#### IBM Research-Zurich

# Linear-Complexity Earth Mover’s Distance Approximations for Efficient Similarity Search

July 16, 2019 | Written by: Haris Pozidis and Kubilay Atasu

Categorized: IBM Research-Zurich

Share this post:

Measuring distances between entities is a fundamental function that powers many mission-critical applications across various sectors. Search, data mining, data discovery, clustering and classification all rely on discriminative distance measures between data objects. In addition to being accurate, today’s vast databases demand distance measures that are also scalable, i.e. can be computed efficiently even across large data collections.

The Earth Mover’s Distance (EMD), also known as Discrete Wasserstein distance, is a highly discriminative metric for measuring distance between probability distributions that has been applied successfully in various fields. It is known as EMD in the image processing field, Word Mover’s Distance (WMD) in text processing, and Wasserstein distance in optimization theory.

The Wasserstein distance, in addition to its applications in text and image retrieval, has important applications in the machine learning field. For instance, it can be used to evaluate the quality of the samples produced by a generative model by measuring the distance between the synthetic samples and original data. More recently, it has been shown that when training generative adversarial networks and auto-encoders, the stability of the model training and the accuracy of the samples generated can be improved if the Wasserstein metric is used as the loss function.

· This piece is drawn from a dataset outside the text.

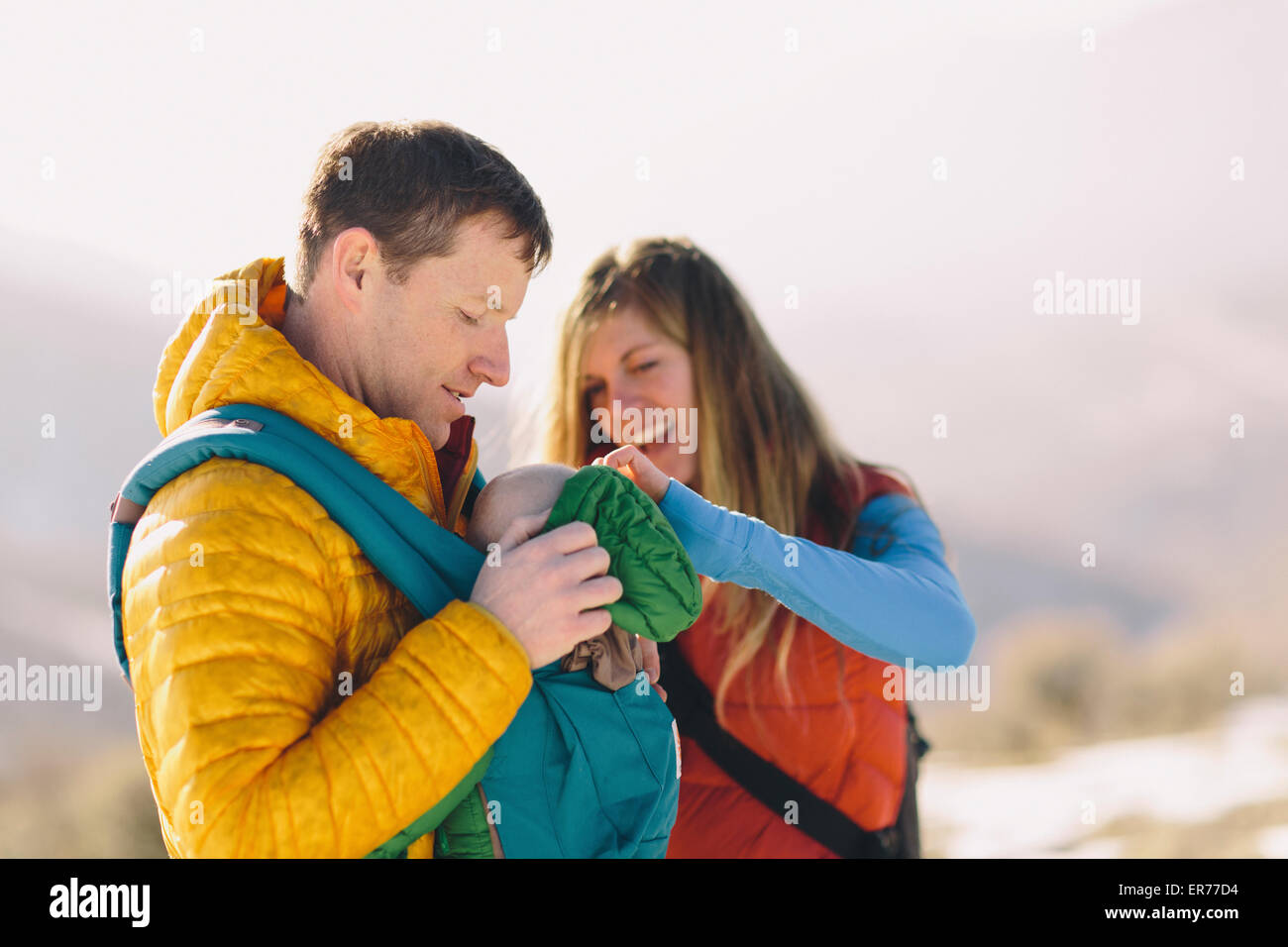 A young couple and their baby hike in the wintry mountains. Stock Photo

Despite its high discriminative capability, the EMD has not yet found wide adoption. This is because of its high computational complexity — cubic on the size of the input distribution which prohibits its application in very large collections of millions or more objects. To mitigate this problem, several prior works proposed approximations of the EMD with reduced complexity, but also reduced accuracy.

In our work [1], which was recently presented at the ICML 2019 conference, we propose a new tight approximation to the EMD which maintains its accuracy, yet has linear complexity and can be computed efficiently across millions of objects. Furthermore, our new method alleviates several important limitations of prior approximations.

### Word Movers Distance and approximations

In text retrieval, the Word Mover’s distance (WMD) has recently emerged as the state-of-the art semantic- similarity metric for unstructured text [2]. WMD captures semantic similarity by capitalizing on the concept of word embedding, which map words into a high-dimensional vector space such that words that are semantically similar are in close proximity to each other. For instance, given the sentences “The Queen to tour Canada” and “Royal visit to Halifax”, despite having no words in common, after stop word removal, WMD can detect that they are similar.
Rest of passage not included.